TASK ITEM
Without the pictures, set down everything in the listing exactly.

AVAILABLE DATA
·····

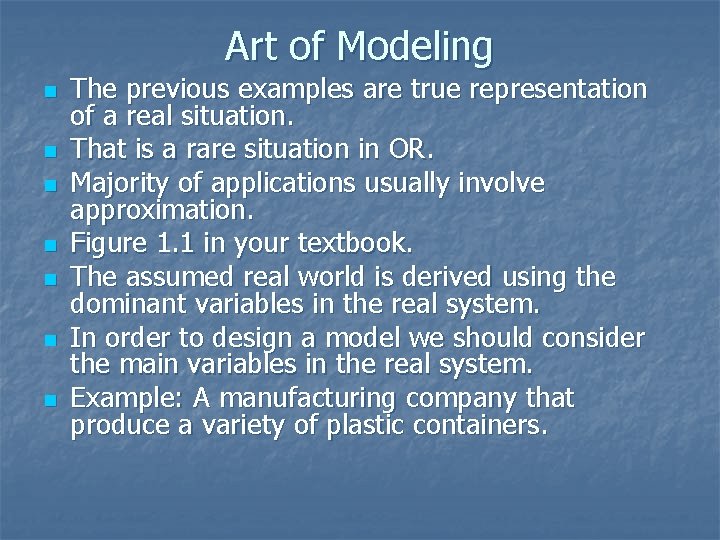 Art of Modeling n n n n The previous examples are true representation of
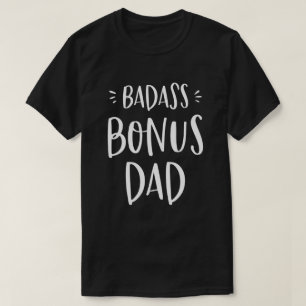 Badass Bonus Vater Stepdad Geschenk für Stepfather T-Shirt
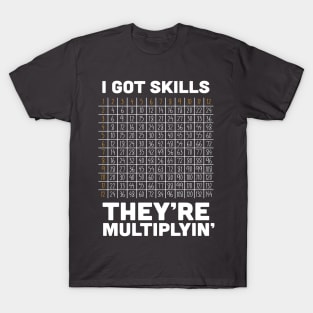 I've Got Skills - They're Multiplyin' T-Shirt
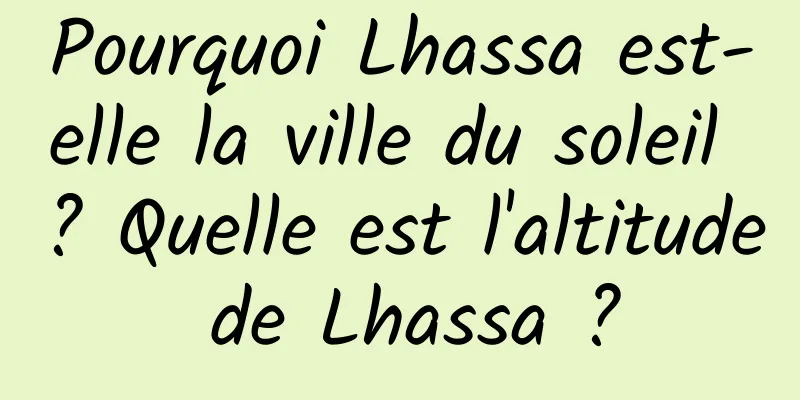 Pourquoi Lhassa est-elle la ville du soleil ? Quelle est l'altitude de Lhassa ?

·····

YOUR RESPONSE
 Art of Modeling n n n n The previous examples are true representation of
 Badass Bonus Vater Stepdad Geschenk für Stepfather T-Shirt
 I've Got Skills - They're Multiplyin' T-Shirt
 Pourquoi Lhassa est-elle la ville du soleil ? Quelle est l'altitude de Lhassa ?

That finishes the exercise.